In a tape broadcast by a radio station, David Koresh had seemed to signal the end of a stand-off in which he and 70 supporters - including some Britons - were holed up for more than 48 hours.
Late last night some 300 police and federal agents, supported by armoured vehicles and a tank, were still surrounding the cult's compound, waiting for Mr Koresh to emerge - a move he had pledged to make if the tape, which included a 58-minute religious sermon, were to be broadcast.
The sect, the Branch Davidians, have released two British children among a total of 16 children and two women. The Foreign Office believes other Britons are inside and officials have 16 names, given by people fearing relatives are there.
The Houston Chronicle said the children confirmed that seven cult members had died in shooting since the siege began. As many as 15 might still be lying dead inside the compound, it said.
The siege began on Sunday when US Bureau of Alcohol, Tobacco and Firearms agents arrived to raid the cult because they believed it had an arsenal of weapons and was conducting paramilitary exercises. But it appeared members were tipped-off, and in a 45-minute gunfight four federal agents were killed and 17 people hurt.
The Houston Chronicle said yesterday that seven cult members had died in the shoot-out, but the toll might be 15. Unconfirmed reports said a two-year-old girl - a daughter of Mr Koresh - died.

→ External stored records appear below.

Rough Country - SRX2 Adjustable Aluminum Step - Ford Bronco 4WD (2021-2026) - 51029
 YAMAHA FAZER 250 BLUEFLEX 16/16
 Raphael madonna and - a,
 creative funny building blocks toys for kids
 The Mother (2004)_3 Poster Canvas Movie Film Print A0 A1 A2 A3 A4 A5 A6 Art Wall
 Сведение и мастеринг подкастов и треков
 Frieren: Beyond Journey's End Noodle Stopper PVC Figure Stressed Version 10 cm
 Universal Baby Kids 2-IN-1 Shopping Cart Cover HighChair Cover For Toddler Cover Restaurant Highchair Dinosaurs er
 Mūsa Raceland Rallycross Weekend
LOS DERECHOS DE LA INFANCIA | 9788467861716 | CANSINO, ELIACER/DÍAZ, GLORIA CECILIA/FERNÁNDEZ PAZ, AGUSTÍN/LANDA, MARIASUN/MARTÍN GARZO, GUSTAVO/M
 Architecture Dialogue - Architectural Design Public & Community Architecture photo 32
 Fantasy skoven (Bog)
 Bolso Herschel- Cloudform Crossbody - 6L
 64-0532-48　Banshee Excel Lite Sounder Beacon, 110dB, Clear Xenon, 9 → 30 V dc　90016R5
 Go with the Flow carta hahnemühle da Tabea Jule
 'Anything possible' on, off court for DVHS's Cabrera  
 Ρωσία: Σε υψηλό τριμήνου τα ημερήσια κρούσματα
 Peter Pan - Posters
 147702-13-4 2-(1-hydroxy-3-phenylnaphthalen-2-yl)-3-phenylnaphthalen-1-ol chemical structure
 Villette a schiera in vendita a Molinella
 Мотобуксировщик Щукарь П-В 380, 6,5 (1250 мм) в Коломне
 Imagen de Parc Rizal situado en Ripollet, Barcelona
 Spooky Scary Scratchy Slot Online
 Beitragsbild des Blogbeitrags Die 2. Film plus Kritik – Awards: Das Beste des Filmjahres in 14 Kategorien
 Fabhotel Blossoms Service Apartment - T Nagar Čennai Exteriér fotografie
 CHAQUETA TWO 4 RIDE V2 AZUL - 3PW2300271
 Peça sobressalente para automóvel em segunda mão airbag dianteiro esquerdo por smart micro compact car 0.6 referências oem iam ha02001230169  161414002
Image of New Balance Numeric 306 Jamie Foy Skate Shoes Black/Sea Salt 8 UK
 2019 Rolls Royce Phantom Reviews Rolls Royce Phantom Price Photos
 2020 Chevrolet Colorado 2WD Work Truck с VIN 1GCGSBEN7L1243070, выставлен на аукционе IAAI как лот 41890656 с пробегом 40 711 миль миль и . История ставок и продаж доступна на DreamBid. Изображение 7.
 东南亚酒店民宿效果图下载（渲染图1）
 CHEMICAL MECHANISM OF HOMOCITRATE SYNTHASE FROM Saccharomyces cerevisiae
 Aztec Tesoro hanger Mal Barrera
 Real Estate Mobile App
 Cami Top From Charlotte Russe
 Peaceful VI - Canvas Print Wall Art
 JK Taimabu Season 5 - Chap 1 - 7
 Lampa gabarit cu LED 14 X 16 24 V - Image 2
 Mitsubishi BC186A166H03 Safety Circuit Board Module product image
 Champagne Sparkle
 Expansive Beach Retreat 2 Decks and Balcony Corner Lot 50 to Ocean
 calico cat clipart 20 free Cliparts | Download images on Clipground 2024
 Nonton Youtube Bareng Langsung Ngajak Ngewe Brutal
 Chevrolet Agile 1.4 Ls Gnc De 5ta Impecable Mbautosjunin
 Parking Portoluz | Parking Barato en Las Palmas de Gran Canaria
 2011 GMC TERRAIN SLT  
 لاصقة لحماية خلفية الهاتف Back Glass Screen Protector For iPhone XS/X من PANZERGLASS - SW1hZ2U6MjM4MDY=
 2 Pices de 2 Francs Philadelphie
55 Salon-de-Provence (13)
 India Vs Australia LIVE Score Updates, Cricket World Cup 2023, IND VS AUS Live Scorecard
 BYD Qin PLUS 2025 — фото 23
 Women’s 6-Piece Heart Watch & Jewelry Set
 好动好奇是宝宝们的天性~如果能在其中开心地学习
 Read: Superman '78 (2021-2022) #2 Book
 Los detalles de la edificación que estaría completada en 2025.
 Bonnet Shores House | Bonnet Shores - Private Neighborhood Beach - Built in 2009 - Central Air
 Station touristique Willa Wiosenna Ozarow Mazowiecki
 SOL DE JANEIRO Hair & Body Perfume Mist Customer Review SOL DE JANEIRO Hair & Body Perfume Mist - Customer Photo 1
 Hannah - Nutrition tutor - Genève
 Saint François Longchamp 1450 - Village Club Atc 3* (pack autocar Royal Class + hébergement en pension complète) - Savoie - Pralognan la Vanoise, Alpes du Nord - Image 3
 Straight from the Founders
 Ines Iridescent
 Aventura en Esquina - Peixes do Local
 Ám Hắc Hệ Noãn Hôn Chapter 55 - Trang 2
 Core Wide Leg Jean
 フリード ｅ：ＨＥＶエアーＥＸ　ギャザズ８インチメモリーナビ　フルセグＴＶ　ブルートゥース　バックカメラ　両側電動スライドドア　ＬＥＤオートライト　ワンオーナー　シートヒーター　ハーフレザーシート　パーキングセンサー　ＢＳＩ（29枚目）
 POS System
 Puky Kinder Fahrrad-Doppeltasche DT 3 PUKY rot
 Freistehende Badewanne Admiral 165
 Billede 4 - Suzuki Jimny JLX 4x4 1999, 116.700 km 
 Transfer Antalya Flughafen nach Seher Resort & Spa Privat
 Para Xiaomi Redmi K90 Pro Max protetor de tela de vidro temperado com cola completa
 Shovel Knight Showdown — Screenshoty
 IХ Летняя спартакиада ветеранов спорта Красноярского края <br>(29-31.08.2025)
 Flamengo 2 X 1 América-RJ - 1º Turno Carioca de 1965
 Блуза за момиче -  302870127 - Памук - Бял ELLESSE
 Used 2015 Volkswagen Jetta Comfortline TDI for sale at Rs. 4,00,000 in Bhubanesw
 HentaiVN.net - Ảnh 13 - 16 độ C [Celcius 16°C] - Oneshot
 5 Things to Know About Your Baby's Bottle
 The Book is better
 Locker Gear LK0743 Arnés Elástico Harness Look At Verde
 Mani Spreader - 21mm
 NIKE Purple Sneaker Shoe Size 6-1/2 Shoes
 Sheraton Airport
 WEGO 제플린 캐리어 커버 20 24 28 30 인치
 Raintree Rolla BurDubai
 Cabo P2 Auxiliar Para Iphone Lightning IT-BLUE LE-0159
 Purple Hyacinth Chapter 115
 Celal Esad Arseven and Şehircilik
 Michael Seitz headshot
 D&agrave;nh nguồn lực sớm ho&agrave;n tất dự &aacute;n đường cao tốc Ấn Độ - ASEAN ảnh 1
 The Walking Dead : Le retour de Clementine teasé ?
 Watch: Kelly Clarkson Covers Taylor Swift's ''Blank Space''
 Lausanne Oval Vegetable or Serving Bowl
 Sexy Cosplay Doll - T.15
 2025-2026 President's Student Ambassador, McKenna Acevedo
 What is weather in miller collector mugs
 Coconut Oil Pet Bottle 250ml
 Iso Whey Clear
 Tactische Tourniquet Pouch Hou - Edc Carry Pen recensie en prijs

During his radio broadcast Mr Koresh appeared unrepentant. 'I am involved in a very serious thing right now and I'm sure a lot of you realise I should be scared and concerned,' he said. 'But I am really concerned about the lives of my brothers here, and the lives of all the people around the world.'
Vincent Noberega, from north London, said his wife Teresa and daughter Natalie were in the compound. He saw seven other Britons there four months ago.